Melis Alphan [email protected]
Konya kurudu çünkü hazıra dağ dayanmaz PERŞEMBE günü Hürriyet’te ‘Konya Resmen Kurudu’ başlıklı bir haber vardı.
Ertesi gün ise dünyanın nazar boncuğu diye adlandırılan Konya’daki Meke Gölü’nün yüzde 99 kuruduğu haberini okuduk. Orman ve Su İşleri Bakanı, Konya havzasının ‘hidrolojik kuraklığa’ resmi olarak girdiğini açıkladı. Peki madem iş bu noktaya varacaktı, Konya’da neden bol su tüketen ‘sulu tarım’ yapılıp durdu?
*
Burası Türkiye’nin en az yağış alan bölgesi.
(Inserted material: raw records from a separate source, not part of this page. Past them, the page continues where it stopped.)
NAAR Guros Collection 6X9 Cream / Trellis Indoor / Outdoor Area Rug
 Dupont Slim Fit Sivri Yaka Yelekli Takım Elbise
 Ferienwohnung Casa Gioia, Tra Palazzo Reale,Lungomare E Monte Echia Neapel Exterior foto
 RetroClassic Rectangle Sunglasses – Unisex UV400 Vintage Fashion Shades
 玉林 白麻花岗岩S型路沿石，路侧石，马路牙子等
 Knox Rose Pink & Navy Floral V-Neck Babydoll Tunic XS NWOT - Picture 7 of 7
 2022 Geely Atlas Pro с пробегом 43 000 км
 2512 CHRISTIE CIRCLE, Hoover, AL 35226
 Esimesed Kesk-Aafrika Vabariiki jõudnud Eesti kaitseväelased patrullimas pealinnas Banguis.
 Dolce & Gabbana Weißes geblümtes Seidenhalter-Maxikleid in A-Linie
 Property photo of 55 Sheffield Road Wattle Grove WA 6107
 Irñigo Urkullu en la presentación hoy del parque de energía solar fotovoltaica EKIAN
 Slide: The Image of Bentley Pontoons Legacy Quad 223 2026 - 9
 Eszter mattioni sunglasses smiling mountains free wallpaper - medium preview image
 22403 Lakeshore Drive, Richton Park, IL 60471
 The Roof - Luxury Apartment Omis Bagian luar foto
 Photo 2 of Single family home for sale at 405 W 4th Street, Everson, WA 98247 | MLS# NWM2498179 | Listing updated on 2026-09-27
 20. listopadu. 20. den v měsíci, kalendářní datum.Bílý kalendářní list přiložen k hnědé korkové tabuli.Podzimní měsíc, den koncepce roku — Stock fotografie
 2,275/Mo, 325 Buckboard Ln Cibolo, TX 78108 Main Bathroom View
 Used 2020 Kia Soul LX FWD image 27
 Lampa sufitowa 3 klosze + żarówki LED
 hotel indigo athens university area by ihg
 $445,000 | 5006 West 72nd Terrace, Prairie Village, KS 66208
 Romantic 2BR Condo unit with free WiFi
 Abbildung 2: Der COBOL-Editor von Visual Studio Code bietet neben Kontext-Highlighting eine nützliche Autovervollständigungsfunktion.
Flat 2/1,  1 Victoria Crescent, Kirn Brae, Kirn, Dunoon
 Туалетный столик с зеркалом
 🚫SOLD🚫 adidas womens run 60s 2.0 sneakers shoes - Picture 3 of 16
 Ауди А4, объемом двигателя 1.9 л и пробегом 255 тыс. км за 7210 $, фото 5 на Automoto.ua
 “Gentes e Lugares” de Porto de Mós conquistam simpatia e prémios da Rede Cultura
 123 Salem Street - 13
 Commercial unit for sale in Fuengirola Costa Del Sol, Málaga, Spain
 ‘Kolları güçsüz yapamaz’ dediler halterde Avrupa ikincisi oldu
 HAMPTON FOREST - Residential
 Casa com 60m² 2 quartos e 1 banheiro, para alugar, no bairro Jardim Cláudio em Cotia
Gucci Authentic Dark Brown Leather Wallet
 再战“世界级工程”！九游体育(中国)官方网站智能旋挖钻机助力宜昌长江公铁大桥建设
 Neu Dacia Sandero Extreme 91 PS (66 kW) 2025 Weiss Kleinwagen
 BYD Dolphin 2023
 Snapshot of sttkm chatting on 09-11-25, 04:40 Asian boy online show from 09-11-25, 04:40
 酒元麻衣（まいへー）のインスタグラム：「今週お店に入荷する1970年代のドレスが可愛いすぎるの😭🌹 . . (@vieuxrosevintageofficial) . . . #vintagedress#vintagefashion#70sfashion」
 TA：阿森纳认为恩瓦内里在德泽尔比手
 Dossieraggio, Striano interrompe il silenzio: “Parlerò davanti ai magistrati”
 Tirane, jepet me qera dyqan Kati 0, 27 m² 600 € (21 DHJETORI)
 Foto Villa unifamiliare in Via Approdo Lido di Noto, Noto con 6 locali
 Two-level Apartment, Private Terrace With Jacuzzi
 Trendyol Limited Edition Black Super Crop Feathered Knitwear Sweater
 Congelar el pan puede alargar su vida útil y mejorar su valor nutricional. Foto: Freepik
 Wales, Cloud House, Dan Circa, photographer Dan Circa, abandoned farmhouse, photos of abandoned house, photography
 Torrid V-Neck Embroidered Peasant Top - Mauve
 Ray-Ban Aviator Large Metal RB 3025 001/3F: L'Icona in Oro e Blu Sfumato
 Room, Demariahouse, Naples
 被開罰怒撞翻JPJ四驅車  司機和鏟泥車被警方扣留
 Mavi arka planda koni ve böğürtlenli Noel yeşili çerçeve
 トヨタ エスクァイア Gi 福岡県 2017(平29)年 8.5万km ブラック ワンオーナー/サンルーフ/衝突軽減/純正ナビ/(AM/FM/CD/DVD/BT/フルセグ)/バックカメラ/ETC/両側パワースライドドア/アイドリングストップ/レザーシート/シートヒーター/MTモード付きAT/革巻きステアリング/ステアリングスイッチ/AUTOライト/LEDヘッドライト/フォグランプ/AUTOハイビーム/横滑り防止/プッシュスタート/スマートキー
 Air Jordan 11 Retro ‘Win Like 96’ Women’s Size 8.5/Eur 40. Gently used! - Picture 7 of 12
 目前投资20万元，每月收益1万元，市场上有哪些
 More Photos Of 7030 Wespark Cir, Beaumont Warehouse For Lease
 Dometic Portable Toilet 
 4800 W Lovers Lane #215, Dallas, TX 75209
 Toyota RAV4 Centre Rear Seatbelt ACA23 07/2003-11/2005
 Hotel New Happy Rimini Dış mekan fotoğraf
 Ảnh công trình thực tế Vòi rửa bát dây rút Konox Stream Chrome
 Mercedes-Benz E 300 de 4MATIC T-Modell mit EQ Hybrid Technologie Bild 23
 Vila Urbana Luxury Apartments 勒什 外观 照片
Konya’daki yıllık yağış ortalaması Türkiye ortalamasının yarısı kadar. Kuraklık sınırındaki bir yerde susuz tarıma ağırlık verilmesi, fazla su istemeyen ürünler yetiştirilmesi gerekirken... Son 10 yılda Konya Kapalı Havzası’nda sulu tarım alanlarının yüzeyi yüzde 40 arttı. Bölgenin yeraltı suları, derin kuyular vasıtasıyla sulu tarımda kullanıldı. Bu arada ‘Mavi Tünel’ adlı projenin çalışmalarına başlandı. Bu tünelle Göksu Nehri’nin akışı değiştirilecek, nehrin suyu Konya Ovası’na taşınacaktı. Devlet Su İşleri’nin tahminlerine göre, ovada 220 bin hektar alan daha sulu tarım yapma imkânı kazanacaktı. Nehirlerin besin taşıdığını, Göksu’nun suyunu Konya Ovası’na çevirerek dengeyi bozacağımızı ve azalarak gelecek suyun devede kulak kalacağını hesaba katmadık. Uzmanlar Mavi Tünel’in Konya Ovası’nı suya doyuracak bir proje olmadığını mütemadiyen tekrarladılar. Ama yine yaşayarak göreceğiz anlaşılan.
*
Türkiye’nin en susuz bölgesinde, susuz tarıma uygun bir politika geliştirileceğine, çiftçi sulu tarım yapmaya teşvik edilince haliyle çok su isteyen ürünler öne çıktı. Ortadaki çelişki görmezden gelindi. Sulu tarım yapılan birçok bölgede çiftçi yılda 2-3 ürün alıyor, susuz tarım yapanlar ise 2 yılda bir ürün alabiliyor. Susuz tarım yapan çiftçilerin gelirleri devamlı düşüyor. Sulu tarım çiftçi için her zaman daha cazip ama böyle olunca, susuz Konya’nın olan suyu da tükendi. Çiftçi durmadan yeraltı suyunu çekti, gelecek nesillerin suyunu da tüketti. 1974-2009 yılları arasında yeraltı su kaynakları 20-25 metre azaldı.
*
Konya’da yeraltı suları çekildikçe yer yarılıyor, içe göçüyor. Bunlar çoktandır almayı reddettiğimiz sinyaller aslında. Sadece 2006-2011 yılları arasında Konya Karapınar’da oluşan obruk sayısı 22. Kısa vadeli tarım politikalarımız ikmale kaldı. Geçmişe mazi derler elbette ama zararın neresinden dönsek de kâr. Konya’da acilen sulu tarımın sınırları belirlenmeli ve var olan su miktarına göre tarım yapılmalı. Kuru tarımda da dünya piyasalarına hitap edecek ekolojik ve iyi tarım uygulamalarına geçilmeli. Hakkını teslim edelim, iyi tarım uygulamalarını devlet de destekliyor. Aşırı gübrelemeyi önlemeye çalışıyor, sertifikasyon programları var. Ama bunlar yaygın değil.
*
Anadolu, susuz tarımı, buğdayı ve koyunuyla 10 bin yıl kendi kendine yetti. Peki biz ne yaptık? Son 30 yıldır suladık da suladık, yeraltı sularını çok aşağılara çektik. 10 bin yıllık dengeyle oynamaya başladık. Sulu tarımın nerede biteceği belli değil. Buna dair bir planımız da yok. Dünya sürdürülebilir küçülmeye giderken, biz sürdürülemez büyümeye gidiyoruz. Ancak unutmamalı ki hazıra dağ dayanmaz. Bunu görüp önlemimizi alalım. Aksi halde 20 yıla bu ‘tatlı hayat’ sona erecek.